# Thinking Red : Heh Heh!



## car (Aug 29, 2009)

A couple of things - 

For those who don't know, Dave Redmon will take over as the new INSCOM CSM in November. I'm helping the G3 SGM with the planning and OPORD. It will take place during the INSCOM Senior Enlisted Conference the week of Veteran's Day. We're also doing an NCO Staff ride to Manassass that week - kind of fitting since CSM Joe Paul (current INSCOM CSM) is almost as much of a military history whore as I am 

Also - I'm retiring (got my orders last week) 28 Feb 10. That's why I sudden'y have time to help a G3 SGM plan a conference and retirement....;)

I've served with some of you. It's been my priviledge. Thanks for what you've done, and will continue to do for our Army and the MI Corps.

Intelligence drives operations!

Toujours en Avant!

Army Strong!

C


----------



## EverSoLost (Aug 30, 2009)

Congrats on the Retirement.  Thank you for your Service.  Thank you for your mentoring.

Sincerely,

ESL


----------



## crapgame (Aug 31, 2009)

Good for you and thank you, C, for your commitment and service.

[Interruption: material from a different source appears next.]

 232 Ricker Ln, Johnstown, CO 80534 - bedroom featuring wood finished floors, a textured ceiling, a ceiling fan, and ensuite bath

btw, I have a question for you.
I hope you don't mind.
PM on the way for you.


----------



## Brando (Sep 4, 2009)

Excellent!

Congratz and thank you.


----------



## Swill (Sep 5, 2009)

I object. We need you in AD for at least, I dunno, 20 more years at least. Retirement: denied. Report to my 2 shop immediately for further opportunity.  

Congratulations, SGM. You've earned it.


----------



## moobob (Sep 14, 2009)

Congrats. Proud to have been one of your soldiers for a bit.


----------



## Marauder06 (Jan 30, 2010)

Well done Sergeant Major, enjoy a well-earned retirement.


----------